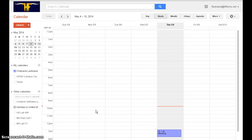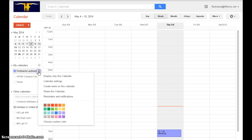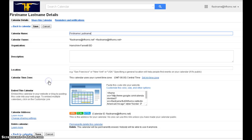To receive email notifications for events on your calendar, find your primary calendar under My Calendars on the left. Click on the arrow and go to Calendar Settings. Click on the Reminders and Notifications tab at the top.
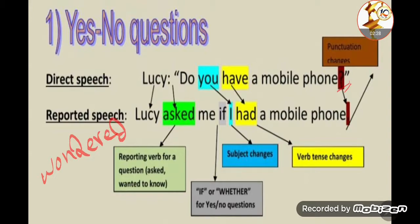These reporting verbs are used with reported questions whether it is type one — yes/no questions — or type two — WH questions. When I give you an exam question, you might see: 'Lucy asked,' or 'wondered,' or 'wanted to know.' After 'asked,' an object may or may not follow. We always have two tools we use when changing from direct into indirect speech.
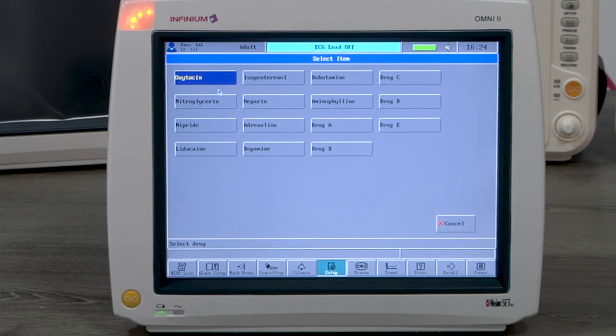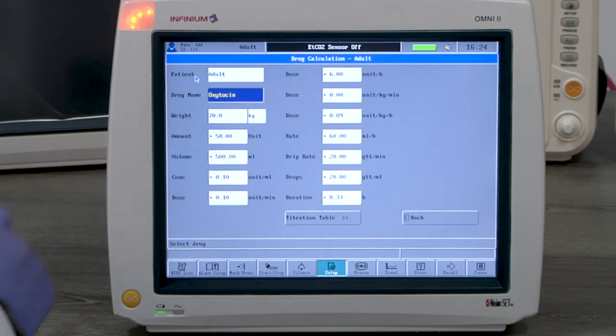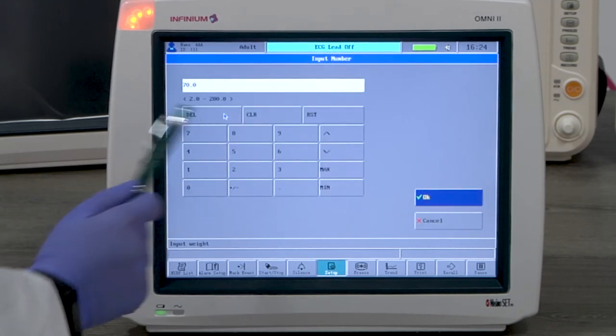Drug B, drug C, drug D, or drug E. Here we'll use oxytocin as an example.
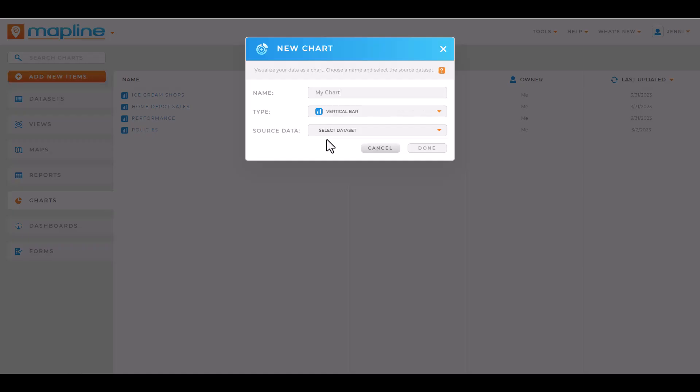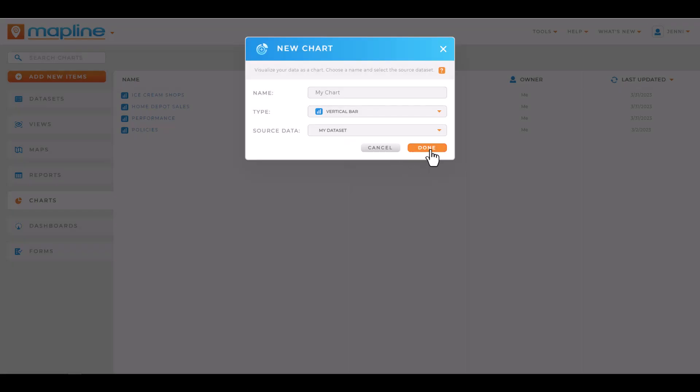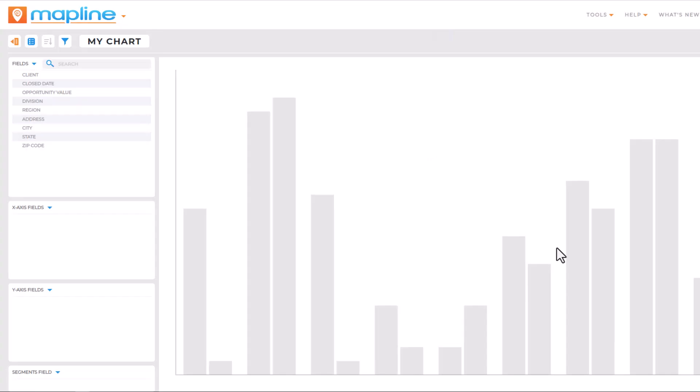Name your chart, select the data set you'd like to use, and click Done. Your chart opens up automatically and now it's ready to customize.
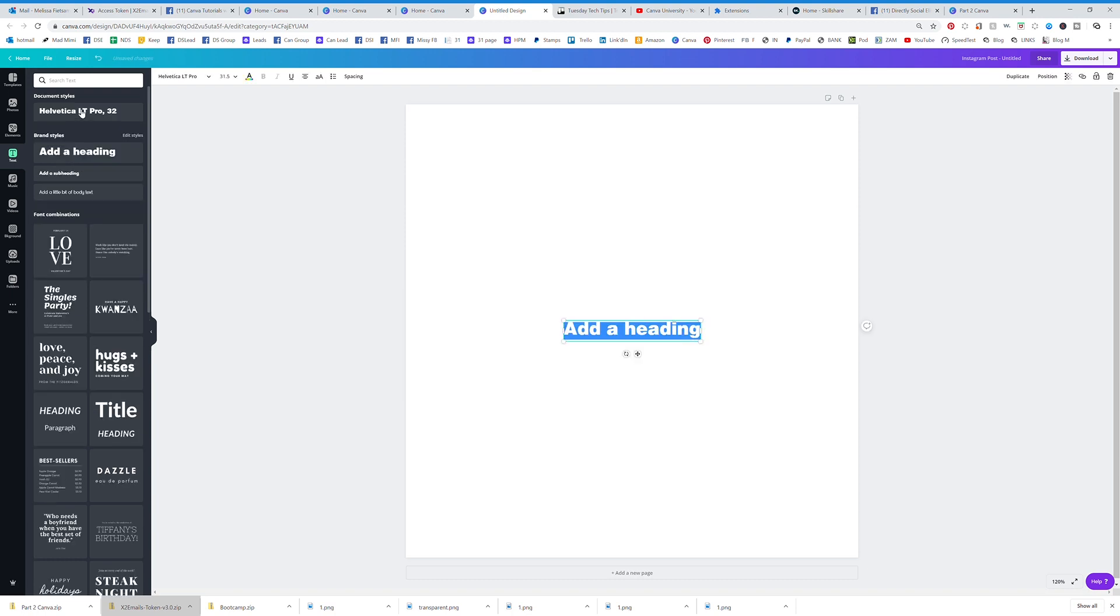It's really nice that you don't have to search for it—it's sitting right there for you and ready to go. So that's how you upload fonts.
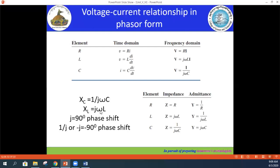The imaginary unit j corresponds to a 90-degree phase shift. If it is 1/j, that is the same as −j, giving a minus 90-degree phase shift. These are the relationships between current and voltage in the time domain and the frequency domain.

◆ **WHAT TO DO**
Could you please write out the entries exactly as they are, with every picture left out?

◆ **FINAL ANSWER**
To receive email notifications for events on your calendar, find your primary calendar under My Calendars on the left. Click on the arrow and go to Calendar Settings. Click on the Reminders and Notifications tab at the top.
These reporting verbs are used with reported questions whether it is type one — yes/no questions — or type two — WH questions. When I give you an exam question, you might see: 'Lucy asked,' or 'wondered,' or 'wanted to know.' After 'asked,' an object may or may not follow. We always have two tools we use when changing from direct into indirect speech.
Drug B, drug C, drug D, or drug E. Here we'll use oxytocin as an example.
Name your chart, select the data set you'd like to use, and click Done. Your chart opens up automatically and now it's ready to customize.
It's really nice that you don't have to search for it—it's sitting right there for you and ready to go. So that's how you upload fonts.
The imaginary unit j corresponds to a 90-degree phase shift. If it is 1/j, that is the same as −j, giving a minus 90-degree phase shift. These are the relationships between current and voltage in the time domain and the frequency domain.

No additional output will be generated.